Task item: Without copying any picture, transcribe exactly the lines of the data below from the one containing "1 Bedroom Flat" through the one containing "Justiça proíbe candidato".

Input:
▬▬▬▬▬▬
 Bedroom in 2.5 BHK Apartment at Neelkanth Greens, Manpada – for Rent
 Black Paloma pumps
▬▬▬▬▬▬
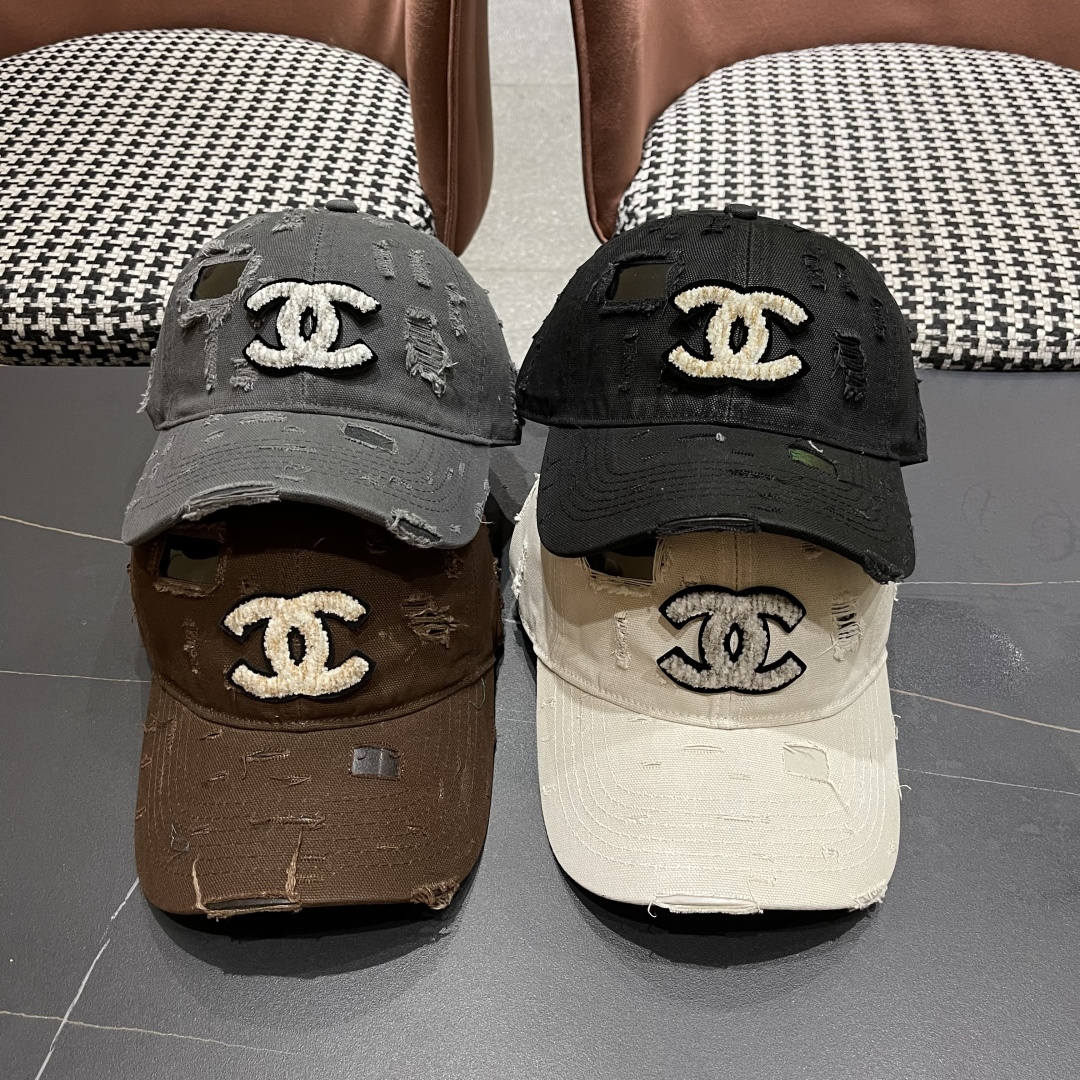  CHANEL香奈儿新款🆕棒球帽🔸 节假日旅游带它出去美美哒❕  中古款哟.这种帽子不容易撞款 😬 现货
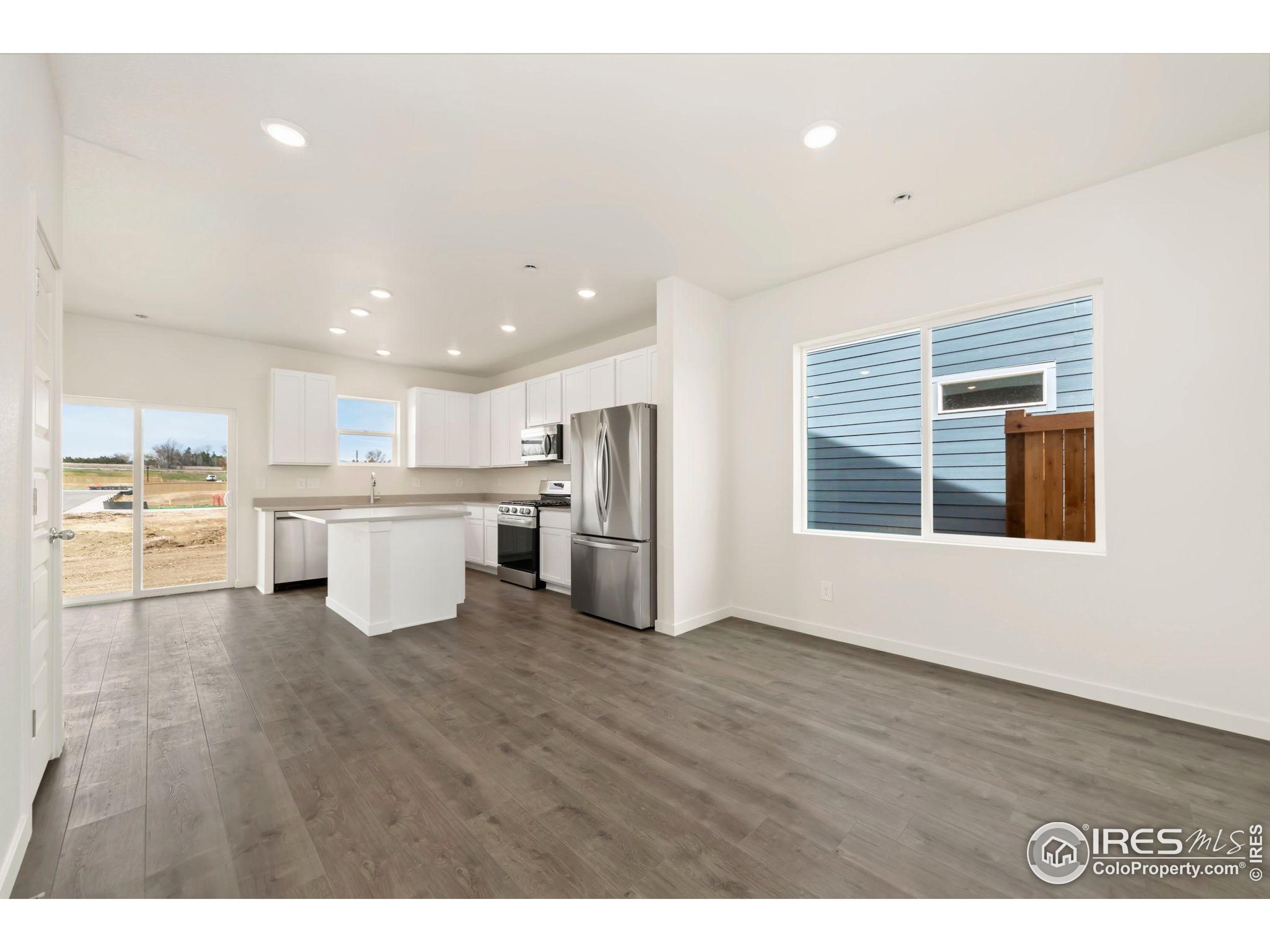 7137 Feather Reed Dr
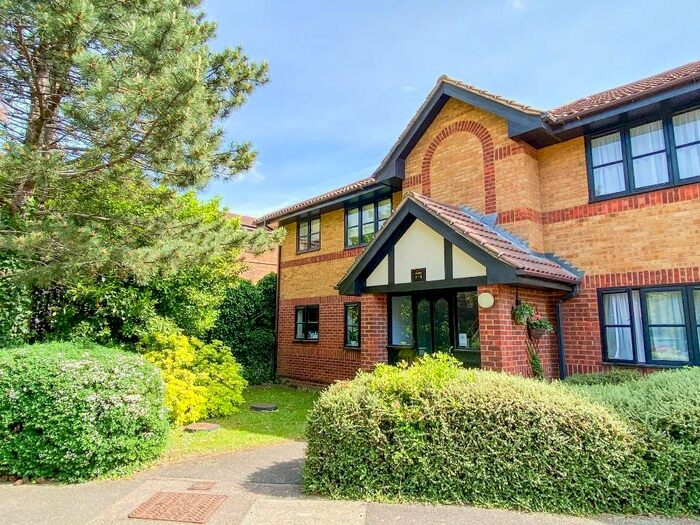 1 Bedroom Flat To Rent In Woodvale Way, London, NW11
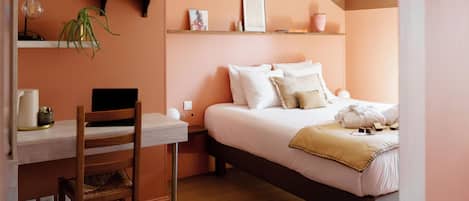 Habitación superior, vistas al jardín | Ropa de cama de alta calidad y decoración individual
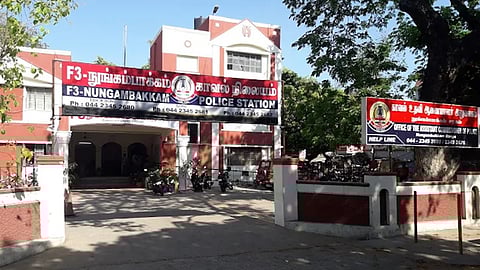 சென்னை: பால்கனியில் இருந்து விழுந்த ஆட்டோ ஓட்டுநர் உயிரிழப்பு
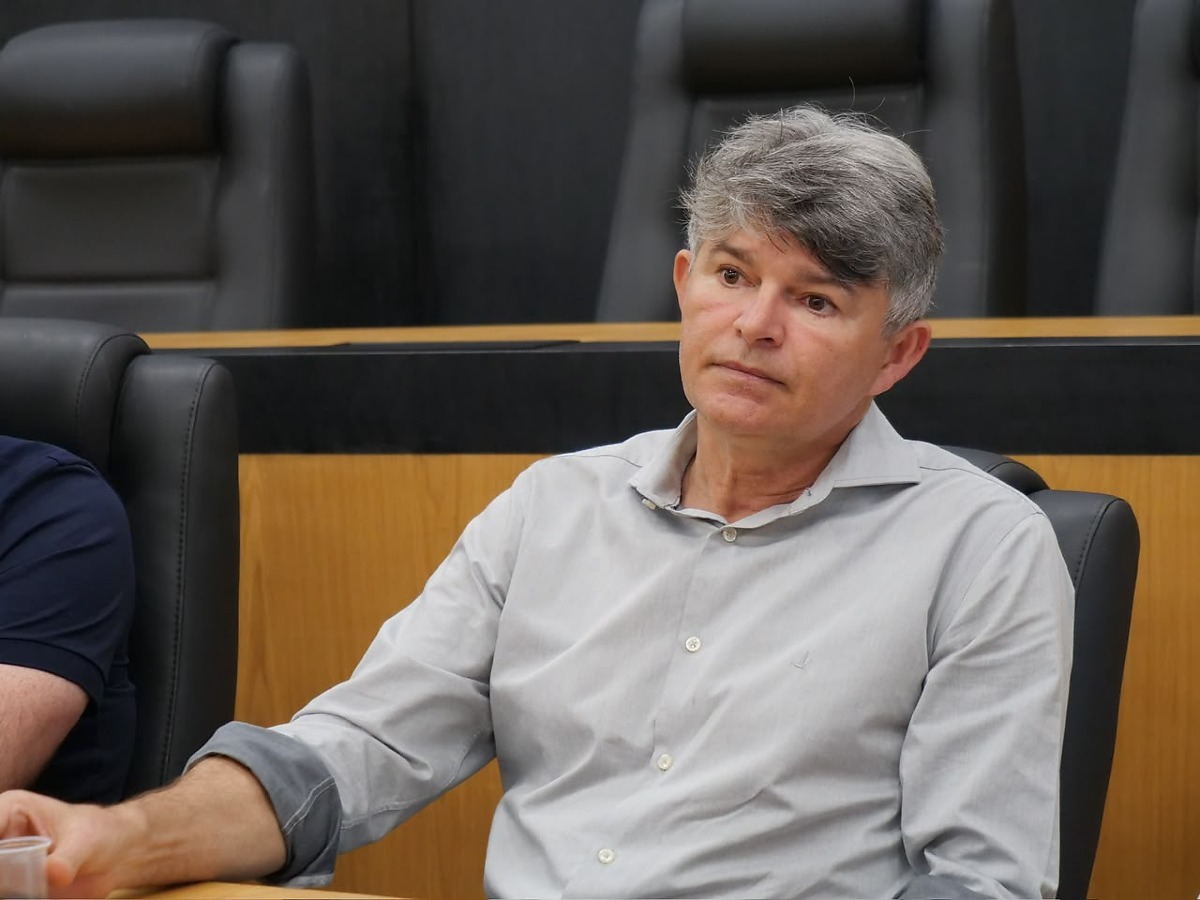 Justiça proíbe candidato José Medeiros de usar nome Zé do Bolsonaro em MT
▬▬▬▬▬▬
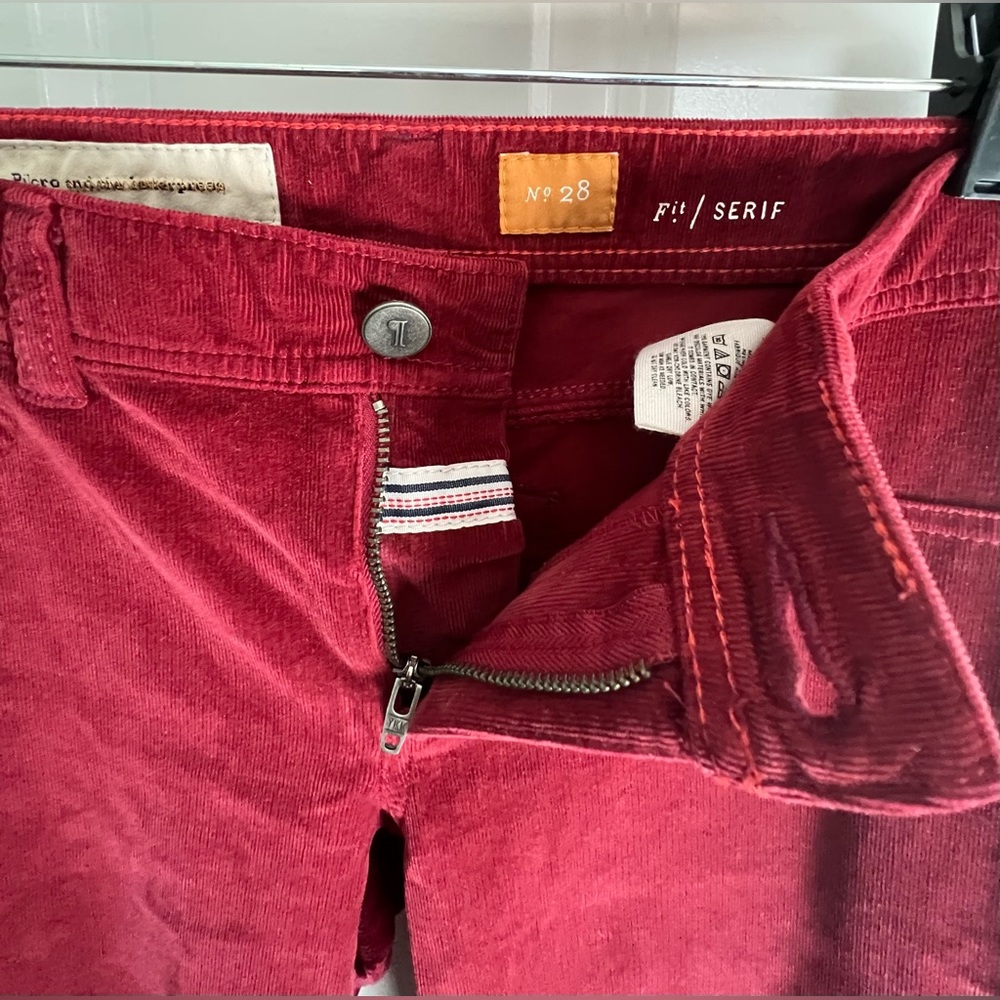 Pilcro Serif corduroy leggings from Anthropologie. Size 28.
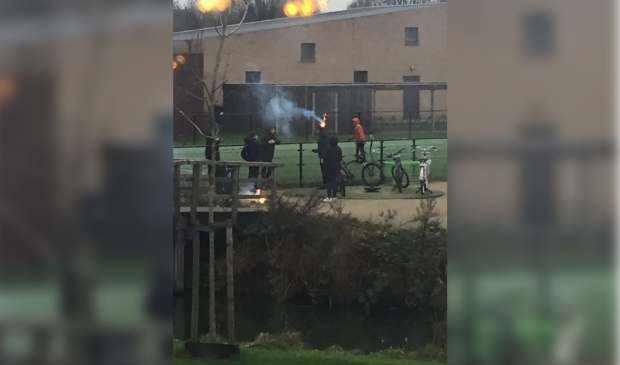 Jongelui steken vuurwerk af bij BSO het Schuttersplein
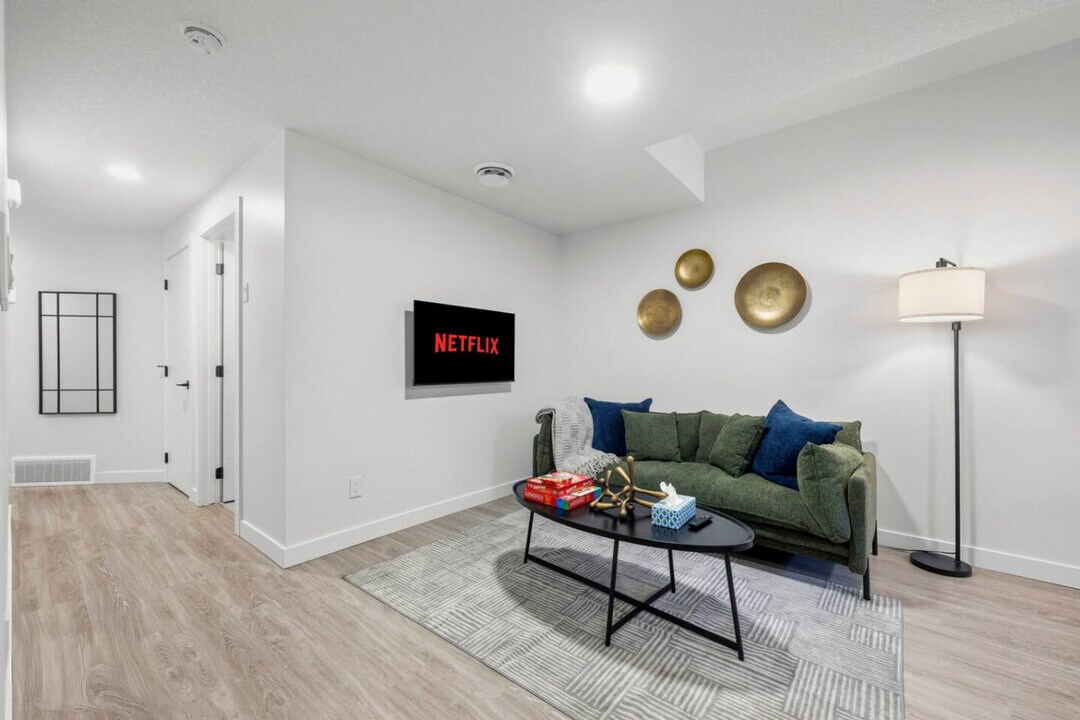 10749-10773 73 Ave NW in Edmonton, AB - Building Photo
▬▬▬▬▬▬
Written answer:
 1 Bedroom Flat To Rent In Woodvale Way, London, NW11
 Habitación superior, vistas al jardín | Ropa de cama de alta calidad y decoración individual
 சென்னை: பால்கனியில் இருந்து விழுந்த ஆட்டோ ஓட்டுநர் உயிரிழப்பு
 Justiça proíbe candidato José Medeiros de usar nome Zé do Bolsonaro em MT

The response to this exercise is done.